# orcs/elves



## e.Blackstar (Jun 3, 2002)

if orcs are mutilated elves,doesn't that mean orcs are immortal?


----------



## Niniel (Jun 4, 2002)

I suppose so; but in the books you only see them being killed in battle, which can happen to Elves as well. But if they weren't killed, maybe they would live on forever just like Elves.


----------



## Lantarion (Jun 4, 2002)

No, they are not immortal. Melkor could not duplicate the law of Ilúvatar, which defined Elves as immortal unless killed.


----------



## Anarchist (Jun 4, 2002)

Pontifex allow me to disagree. Orcs weren't duplicated elves, they were corrupted (with ways I don't know) elves. So I believe that they would be immortal in the way elves were (unless you may say that the corruption Morgoth applied on them changed their immortality). The immortality of orcs could explain their really huge numbers.


----------



## e.Blackstar (Jun 4, 2002)

Tx i just had to clarify that.
Anarchist,the elves werent exactly corrupted,more like totured and breeded (pretty thought,huh?)


----------



## Elu Thingol (Jun 5, 2002)

This is the question that I believed caused Tolkien to change his mind about the origin of the orcs. At first I think Tolkien was going to use the elves for the origin but then later changed that origin to men.

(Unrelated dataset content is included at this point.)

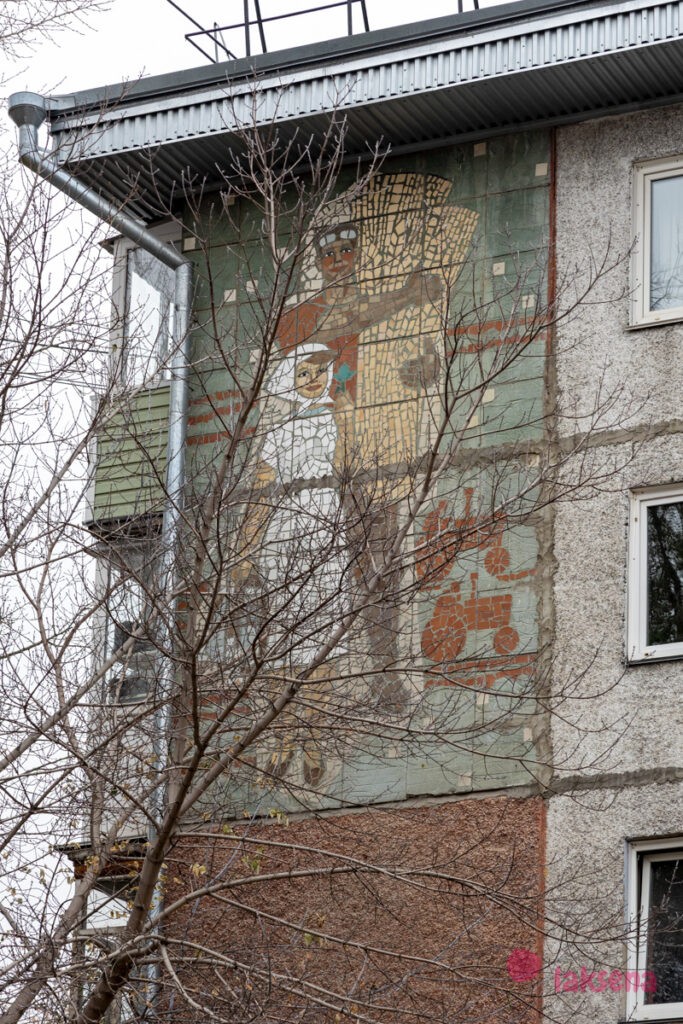 Мозаики на Молодежной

> This then, as it may appear, was my father`s final view of the question: Orcs were bred from Men, and if the conception in mind of the Orcs may go far back into the night of Melkor`s thought it was Sauron who during the Ages of Melkor's captivity in Aman brought into being the black armies that were available to his Master when he returned. ( Morgoth`s Ring ; "Myths Transformed" ; Text 5. Written in 1959-60, Christopher Tolkien)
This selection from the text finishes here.